Companions to Grace
Monday (December 8)
Companions to Grace
Psalm 99:6
Moses and Aaron were among his priests, Samuel also was among those who called upon his name. They called to the LORD, and he answered them.
I understand that we’re living in a deconstructionist age where revisionists want to whitewash all the stains from history’s pages or just blot the transgressors out entirely. For instance, some have called Mark Twain a racist for using slurs in his great American classic, The Adventures of Huckleberry Finn, when, in fact, Twain was a staunch abolitionist. In the same vein, others are tearing down monuments left and right, like statues to George Washington and Thomas Jefferson and Christopher Colombus, and changing the names of football teams and military bases and brand logos. But none of that compares to so-called pastors and professors speaking out from their pulpits and podcasts that the days of Abraham and Moses and David are too full of uncomfortable facts for us moderns to grapple with and then resolving to just start with Matthew 1:1 instead of toiling by the Spirit’s guidance to properly exegete the culture, context, and language of a forgotten world. To think that prominent pastors have decided that they can simply gloss over the Old Testament as if it no longer bears the seal of divine authority is truly infuriating. Well, let me offer a simple reminder from Psalm 99:6 that needs repeating often: God intentionally lined our path of faith with living, breathing testaments to His great faithfulness, and we will never, not even in a trillion years from now, outgrow our connection to those who got us here.
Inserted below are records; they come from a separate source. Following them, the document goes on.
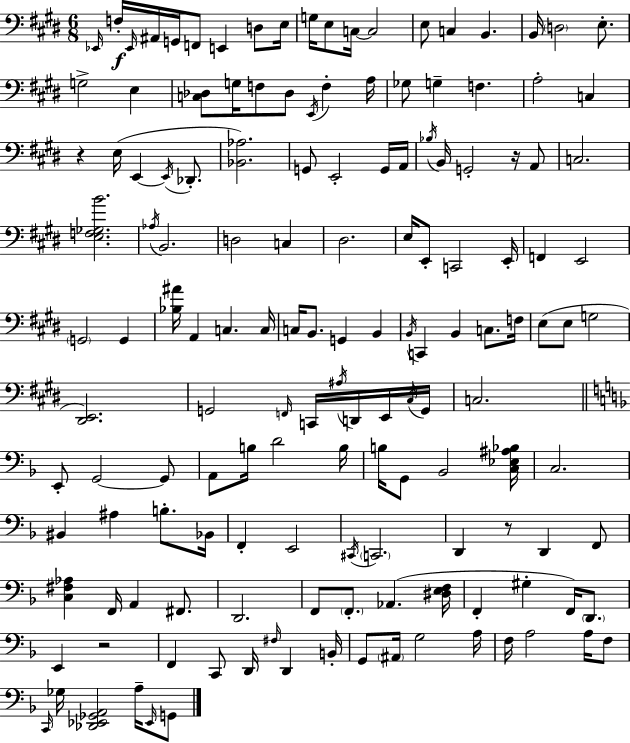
X:1
T:Untitled
M:6/8
L:1/4
K:E
_E,,/4 F,/4 _E,,/4 ^A,,/4 G,,/4 F,,/2 E,, D,/2 E,/4 G,/4 E,/2 C,/4 C,2 E,/2 C, B,, B,,/4 D,2 E,/2 G,2 E, [C,_D,]/2 G,/4 F,/2 _D,/2 E,,/4 F, A,/4 _G,/2 G, F, A,2 C, z E,/4 E,, E,,/4 _D,,/2 [_B,,_A,]2 G,,/2 E,,2 G,,/4 A,,/4 _B,/4 B,,/4 G,,2 z/4 A,,/2 C,2 [E,F,_G,B]2 _A,/4 B,,2 D,2 C, ^D,2 E,/4 E,,/2 C,,2 E,,/4 F,, E,,2 G,,2 G,, [_B,^A]/4 A,, C, C,/4 C,/4 B,,/2 G,, B,, B,,/4 C,, B,, C,/2 F,/4 E,/2 E,/2 G,2 [^D,,E,,]2 G,,2 F,,/4 C,,/4 ^A,/4 D,,/4 E,,/4 ^C,/4 G,,/4 C,2 E,,/2 G,,2 G,,/2 A,,/2 B,/4 D2 B,/4 B,/4 G,,/2 _B,,2 [C,_E,^A,_B,]/4 C,2 ^B,, ^A, B,/2 _B,,/4 F,, E,,2 ^C,,/4 C,,2 D,, z/2 D,, F,,/2 [C,^F,_A,] F,,/4 A,, ^F,,/2 D,,2 F,,/2 F,,/2 _A,, [^D,E,F,]/4 F,, ^G, F,,/4 D,,/2 E,, z2 F,, C,,/2 D,,/4 ^F,/4 D,, B,,/4 G,,/2 ^A,,/4 G,2 A,/4 F,/4 A,2 A,/4 F,/2 C,,/4 _G,/4 [_D,,_E,,_G,,A,,]2 A,/4 _E,,/4 G,,/2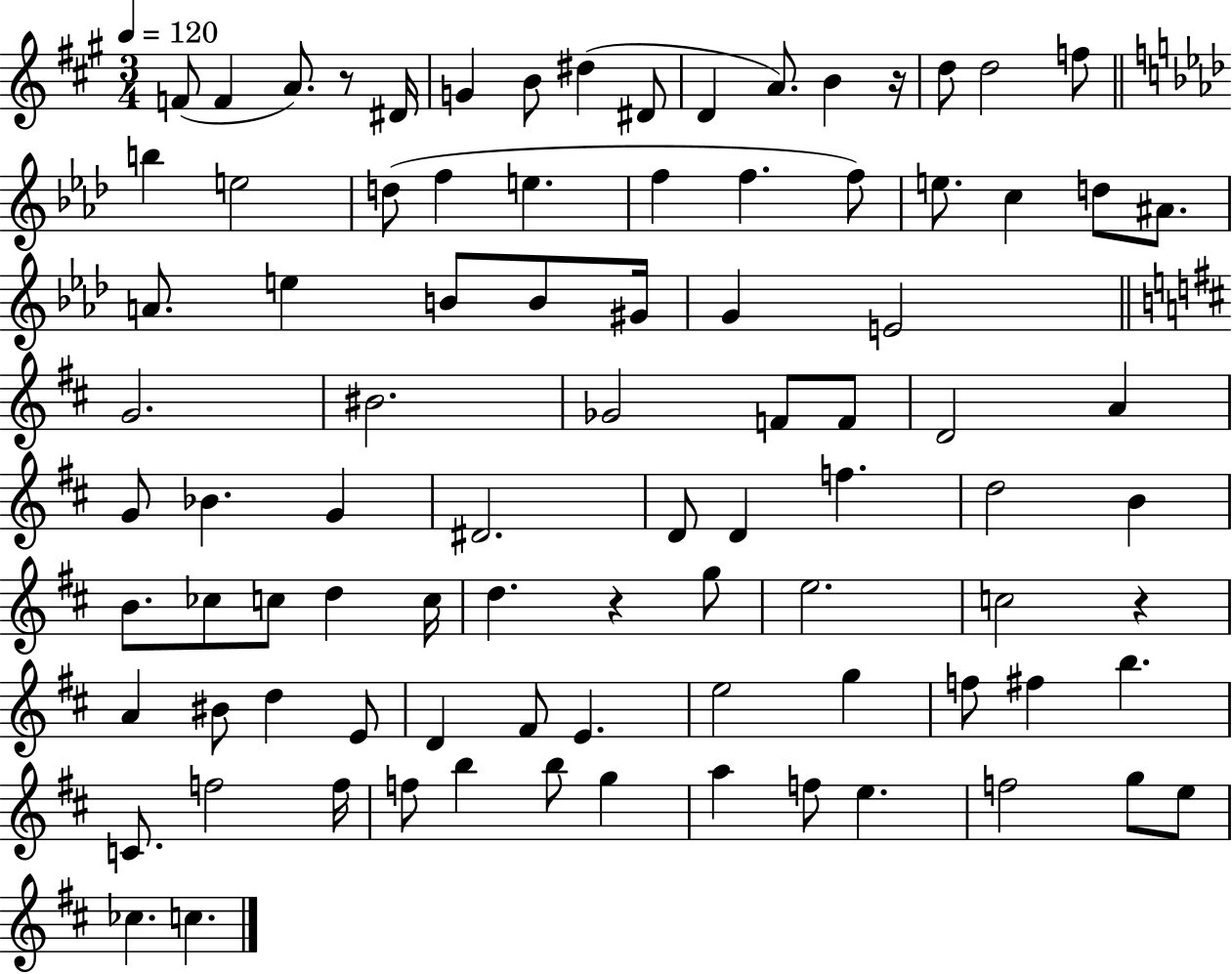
{
  \clef treble
  \numericTimeSignature
  \time 3/4
  \key a \major
  \tempo 4 = 120
  f'8( f'4 a'8.) r8 dis'16 | g'4 b'8 dis''4( dis'8 | d'4 a'8.) b'4 r16 | d''8 d''2 f''8 | \break \bar "||" \break \key aes \major b''4 e''2 | d''8( f''4 e''4. | f''4 f''4. f''8) | e''8. c''4 d''8 ais'8. | \break a'8. e''4 b'8 b'8 gis'16 | g'4 e'2 | \bar "||" \break \key d \major g'2. | bis'2. | ges'2 f'8 f'8 | d'2 a'4 | \break g'8 bes'4. g'4 | dis'2. | d'8 d'4 f''4. | d''2 b'4 | \break b'8. ces''8 c''8 d''4 c''16 | d''4. r4 g''8 | e''2. | c''2 r4 | \break a'4 bis'8 d''4 e'8 | d'4 fis'8 e'4. | e''2 g''4 | f''8 fis''4 b''4. | \break c'8. f''2 f''16 | f''8 b''4 b''8 g''4 | a''4 f''8 e''4. | f''2 g''8 e''8 | \break ces''4. c''4. | \bar "|."
}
Today, friend, if you’re struggling to pray because you’re surrounded by opposition, remember Daniel in the lion’s den. If you’re forgetting that God is greater than the swelling darkness, remember David’s defeat of Goliath. If financial struggles pile up, and you lose your job, and you find yourself toiling from day to day just to put food on the table, remember God’s provision to Ruth as she gleaned leftover wheat in Boaz’s field. If family members are refusing to speak to each other and reconciliation seems impossible, remember Joseph’s weeping embrace of the very brothers who tried to murder him in cold blood.
Mark this down: the Old Testament is not a book full of contradictions to life in Christ, but a book full of companions to it.